ISO silent over Volkswagen certifications

One aspect of the Volkswagen emissions scandal that has so far escaped attention is the part played, or not played, by the company’s certifications to the ISO 9001 standard for quality management and ISO 14001 standard for environmental management.

     Neither VW nor ISO (the International Organization for Standardization) have replied to the following question: “Volkswagen has worldwide certification to ISO 9001 and ISO 14001. Doesn’t the scandal over VW’s emissions manipulation indicate a failure of certification to the standards, in terms of meeting customers’ quality requirements, customer satisfaction and environmental management?”

      They were not alone. Also silent were TUV Nord, the German certification body that issued VW’s certifications, and a spokesman for both the International Accreditation Forum (IAF) and the International Laboratory Accreditation Cooperation (ILAC). The latter two groups promote standards and certification as tools for achieving public policy goals.

     On Nov. 2, ISO jointly hosted a conference in Geneva, Switzerland, on “Using and referencing International Standards to support public policy.” ISO said that the conference “looked at the many ways that standards can benefit policy makers, through providing confidence in technical specifications and safety requirements, as well as helping to implement policy commitments.”    

     For many people, the VW crisis would advise caution against a blind faith in standards. However, ISO and the other protagonists remain silent or dodge the issue. This silence is a matter of serious concern because VW’s certifications are intended to give customers and regulatory authorities confidence that quality requirements and environmental responsibilities are being met.

     One of the objectives of ISO 9001 is to make enterprises more efficient in turning out products that enhance customer satisfaction, by ensuring that these products meet customers’ quality requirements — both stated and implicit. It is unlikely that software designed to cheat emissions tests, as VW has admitted to installing, was a requirement of the 11 million customers who bought the affected vehicles. Clearly, VW’s ISO 9001 systems and certification did not deliver on customer satisfaction.

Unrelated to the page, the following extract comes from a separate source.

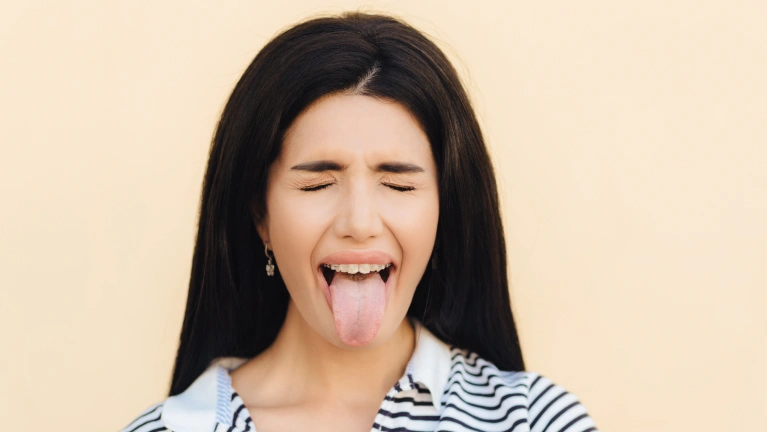 A woman showing her tongue against a light background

     ISO 14001 is aimed at enabling organizations to reduce negative impacts on the environment as a result of their activities. It is designed to be a tool for meeting regulatory requirements. Despite VW’s ISO 14001 systems and certification, the company deceived its customers about the environmental impact of the cars they had bought and manipulated the results of regulators’ pollution tests.

     ISO itself does not handle certification. This is performed by certification bodies independent of the organization. However, many of the national standards bodies that make up ISO’s membership do carry out ISO 9001 and ISO 14001 certification, and this activity can represent a sizable portion of their income.

     In practice, ISO has an ambiguous attitude toward certification. On one hand, it states that certification to its standards is not compulsory and not a requirement of the standards. On the other hand, it indirectly promotes certification through The ISO Survey of Certifications, published annually, which provides data on the number of certificates of conformity issued worldwide to ISO 9001, ISO 14001 and other ISO management standards. In ISO’s comments on the survey data, it highlights what it sees as significant increases and downplays less flattering figures.

     It might be argued that such is the stuff of public relations. However, ISO now presents certification to its standards in completely overblown marketing terms.   

Announcing the latest edition of the ISO survey, the organization in September claimed the world is “still under the spell of management systems.” It added, “As the world evolves, it continues to trust ISO management systems standards to keep its organizations performing well.”

     However, ISO’s marketing, communication and information department had “no time” to answer the question on its flagship standards and certification in light of the VW scandal.

Unnoticed irony

ISO’s silence may prove to reveal disastrously poor judgement. This is because more than 1 million ISO 9001 certificates and over 324,000 ISO 14001 certificates had been issued worldwide at the end of 2014 to businesses of all types and sizes, as well as to public-sector organizations. So the question of confidence in standards and certification goes well beyond VW and its customers.   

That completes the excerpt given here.